Alexander Gene E, Lin Lan, Yoshimaru Eriko S, Bharadwaj Pradyumna K, Bergfield Kaitlin L, Hoang Lan T, Chawla Monica K, Chen Kewei, Moeller James R, Barnes Carol A, Trouard Theodore P
Department of Psychology, University of Arizona, Tucson, AZ, United States.
Department of Psychiatry, University of Arizona, Tucson, AZ, United States.
Front Aging Neurosci. 2020 Aug 26;12:267. doi: 10.3389/fnagi.2020.00267. eCollection 2020.
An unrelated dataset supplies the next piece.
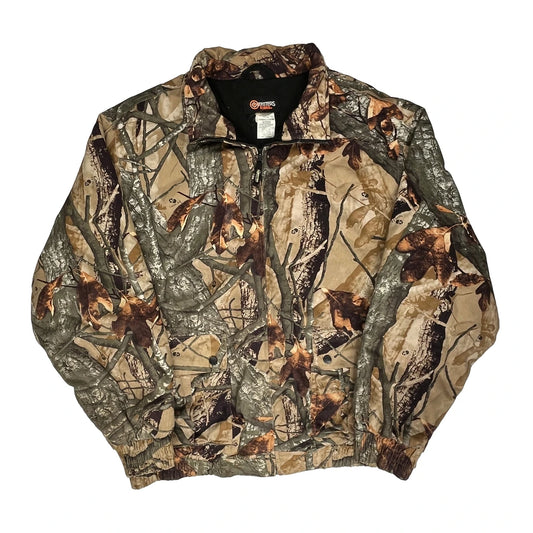 Outfitters Ridge Camo Shell Jacket - XL Camo Cotton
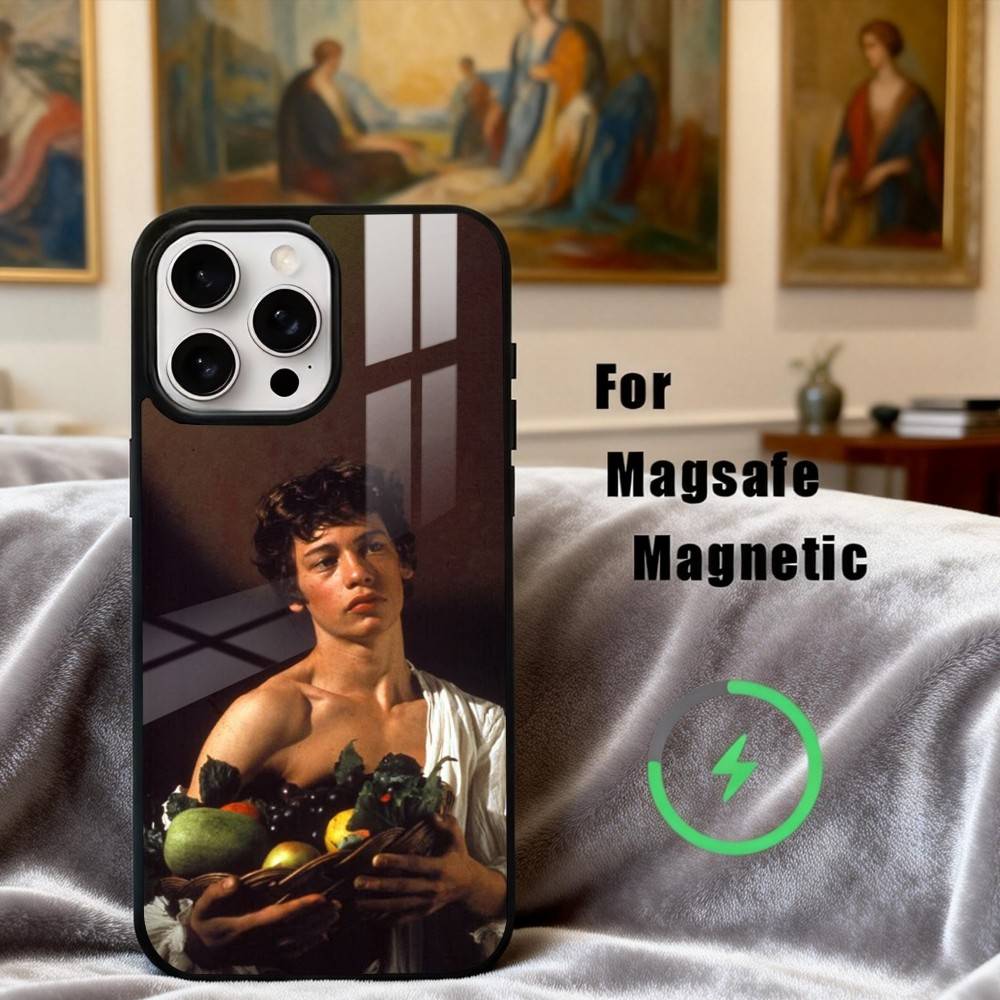 Art C-Caravaggio P-Paintings Phone Case For iPhone17,16,15,14,13,12,11 Plus,For Magnetic Wireless Charge Cover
Healthy human aging has been associated with brain atrophy in prefrontal and selective temporal regions, but reductions in other brain areas have been observed. We previously found regional covariance patterns of gray matter with magnetic resonance imaging (MRI) in healthy humans and rhesus macaques, using multivariate network Scaled Subprofile Model (SSM) analysis and voxel-based morphometry (VBM), supporting aging effects including in prefrontal and temporal cortices. This approach has yet to be applied to neuroimaging in rodent models of aging. We investigated 7.0T MRI gray matter covariance in 10 young and 10 aged adult male Fischer 344 rats to identify, using SSM VBM, the age-related regional network gray matter covariance pattern in the rodent. SSM VBM identified a regional pattern that distinguished young from aged rats, characterized by reductions in prefrontal, temporal association/perirhinal, and cerebellar areas with relative increases in somatosensory, thalamic, midbrain, and hippocampal regions. Greater expression of the age-related MRI gray matter pattern was associated with poorer spatial learning in the age groups combined. Aging in the rat is characterized by a regional network pattern of gray matter reductions corresponding to aging effects previously observed in humans and non-human primates. SSM MRI network analyses can advance translational aging neuroscience research, extending from human to small animal models, with potential for evaluating mechanisms and interventions for cognitive aging.
健康的人类衰老与前额叶和特定颞叶区域的脑萎缩有关,但在其他脑区也观察到了萎缩现象。我们之前利用多变量网络缩放子轮廓模型(SSM)分析和基于体素的形态测量法(VBM),在健康人类和恒河猴中发现了灰质与磁共振成像(MRI)的区域协方差模式,证实了衰老效应,包括前额叶和颞叶皮质的衰老效应。这种方法尚未应用于衰老啮齿动物模型的神经成像研究。我们对10只年轻成年雄性和10只老年成年雄性费希尔344大鼠进行了7.0T MRI灰质协方差研究,以使用SSM VBM识别啮齿动物中与年龄相关的区域网络灰质协方差模式。SSM VBM识别出一种区分年轻大鼠和老年大鼠的区域模式,其特征是前额叶、颞叶联合/嗅周区域和小脑区域减少,而体感、丘脑、中脑和海马区域相对增加。在合并的年龄组中,与年龄相关的MRI灰质模式表达越高,空间学习能力越差。大鼠衰老的特征是灰质减少的区域网络模式,这与之前在人类和非人灵长类动物中观察到的衰老效应相对应。SSM MRI网络分析可以推动转化衰老神经科学研究,从人类扩展到小动物模型,具有评估认知衰老机制和干预措施的潜力。